For each table/view involved:
  • Dataset name
  • Table/view name
  • Column list (in order if order matters)
  • Data types (STRING/NUMERIC/DATE/etc.)
  • Key constraints (unique keys, required fields, partitioning fields if present)
  • Source mapping: Which Repo B outputs (CSV/DataFrame columns) map to BQ columns
  • Any transforms/normalizations applied before load
If the schema is defined in SQL, copy the column definitions (no long dumps—just the schema blocks). If it’s inferred from pandas, list the final output columns and the intended BQ type. Focus Areas:
  • payroll_raw.stage1_snapshots (raw ingestion layer)
  • payroll_processed.stage3_snapshots (TPA-normalized data)
  • payroll_analytics.ceo_metrics (executive KPIs)
  • payroll_analytics.growth_loss (employee churn analysis)
  • Key views: analytics_agent_report_v5, analytics_ceo_snapshot, etc.

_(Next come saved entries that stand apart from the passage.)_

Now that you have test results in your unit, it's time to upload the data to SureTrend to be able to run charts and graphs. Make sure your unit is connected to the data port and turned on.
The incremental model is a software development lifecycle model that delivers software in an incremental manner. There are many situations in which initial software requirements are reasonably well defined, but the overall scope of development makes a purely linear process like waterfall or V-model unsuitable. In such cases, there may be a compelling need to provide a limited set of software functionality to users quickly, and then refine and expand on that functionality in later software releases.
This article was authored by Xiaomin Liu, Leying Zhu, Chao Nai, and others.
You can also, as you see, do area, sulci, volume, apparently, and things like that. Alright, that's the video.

Step 2.5: Document Data Flow

Document the actual data flow:
Repo B Engine → CSV Snapshots → BigQuery ETL Loader → BigQuery Tables
Repo B Excel → (human consumption, not direct BQ input)
Views: Some views align with Excel outputs (e.g., `agent_report_v5` matches V5 Excel)

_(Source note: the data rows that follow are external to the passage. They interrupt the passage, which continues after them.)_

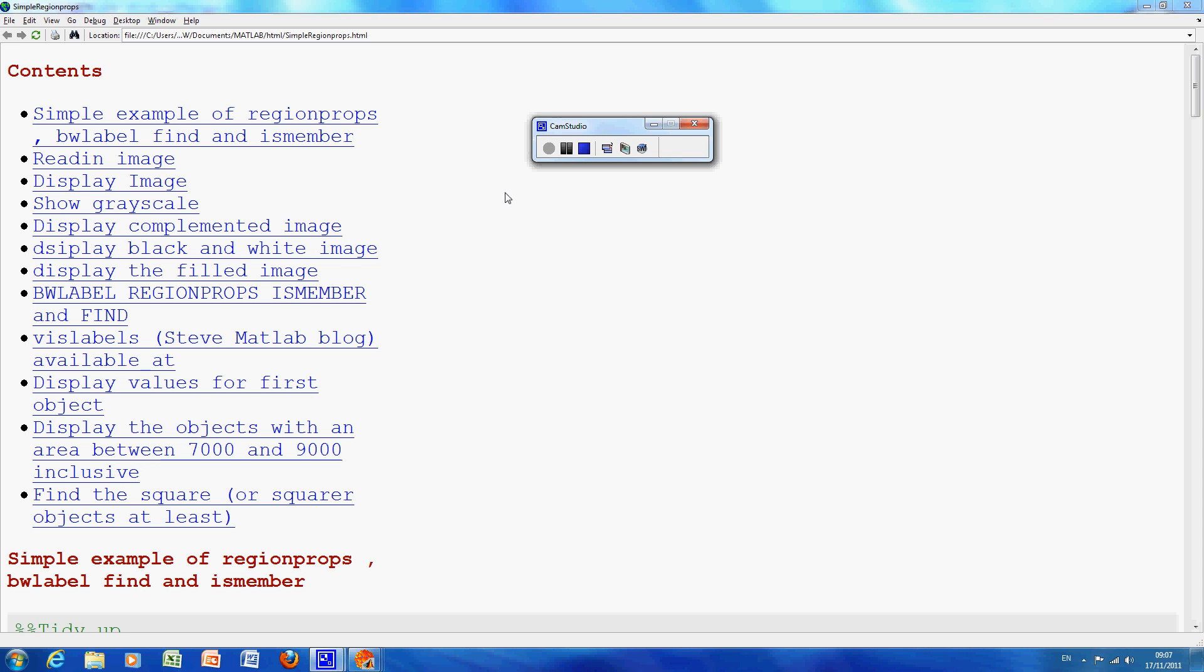Hello, welcome to Anson Griffin's Occasional Series in MATLAB Tutorials. Today we will be looking at region props, BW label, find, isMember, morphology and all that for shape detection.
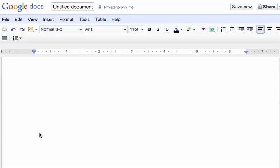In two minutes or less, this video is going to show you how to insert equations using the Google Docs Equation Editor into a Google Doc Word Processing document.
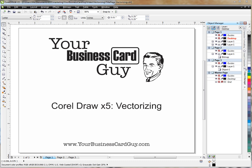Hello and welcome to the Your Business Card Guy Practical CorelDRAW Tips. Today I want to talk about vectorizing.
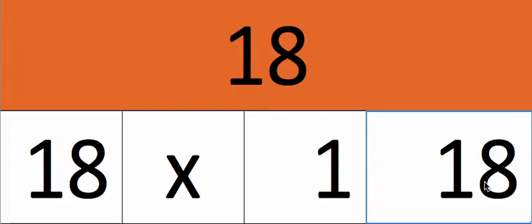This is number 18 multiplication. Number 18 would be multiplied from number 1 until number 20 and the product would be read out loud. So let's start with number 18 multiplication.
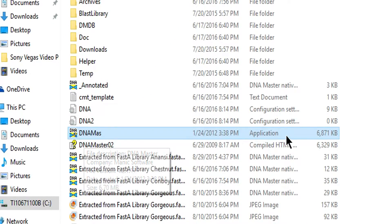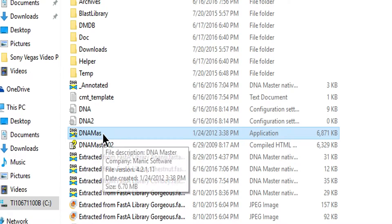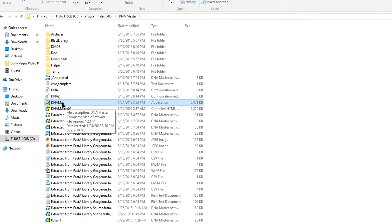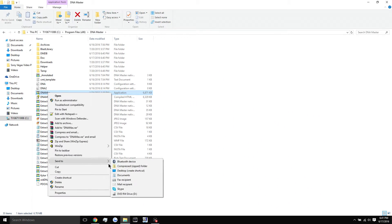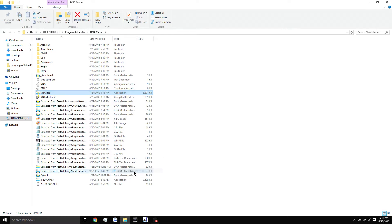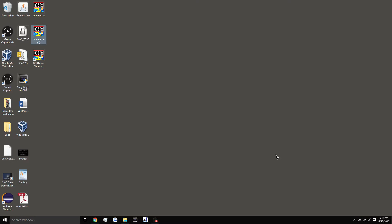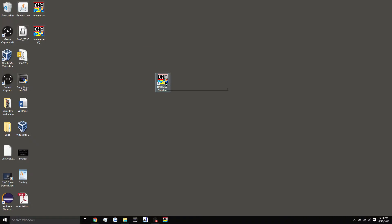This is it right here. It's called DNA mass. It's an application type. So it's dot exe. You want to right click on it and hit send to desktop, and that will create a shortcut for your program right here.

Step 3: Identify Excel dependencies explicitly

Find any code that:
  • Reads Excel sheets by name (for any purpose, even if not direct BQ input)
  • Assumes specific sheet names in Repo B outputs
  • Assumes specific columns inside those sheets
Note: BigQuery primarily loads from CSV/DataFrame sources, not Excel directly. Excel sheet names are documented for completeness and downstream process compatibility. Produce:
  • REQUIRED_SHEETS (exact strings, if any)
  • REQUIRED_COLUMNS per sheet (if any)
  • OPTIONAL sheets/columns
  • Mapping: Excel sheet/column → CSV/DataFrame column → BigQuery column

Step 4: Produce the deliverable

Create docs/BQ_CONTRACT.md containing:
  • Source of truth section (where schema came from: SQL files, JSON schemas, Python code)
  • Data Flow section (Repo B → CSV → BQ path)
  • Tables/Views section (with full schema details)
  • Excel Dependencies section (sheet names, columns, mappings - even if indirect)
  • CSV/DataFrame Mappings section (column mappings from Repo B outputs to BQ)
  • Change Policy: what Repo B can add (extras) vs must not change

Constraints

  • Do NOT change any production code in this task.
  • This is read-only extraction + documentation only.
  • Document both direct and indirect dependencies (even if Excel isn’t directly loaded).

Deliverables

  1. docs/BQ_CONTRACT.md - Complete contract document
  2. A short summary in the terminal: “What BQ expects / What Repo B must preserve”

Why This Sequencing

  • It de-risks “Agent Commissions” vs “Agent2 Breakdown” naming decisions
  • It prevents breaking ingestion jobs that may be hardcoded
  • It gives us an audit artifact (“contract”) we can pin to a tag/commit
  • It documents the actual data flow (CSV/DataFrame → BQ, not Excel → BQ directly)
Once Cursor returns docs/BQ_CONTRACT.md, we’ll use it to finalize the mapping layer with zero guesswork.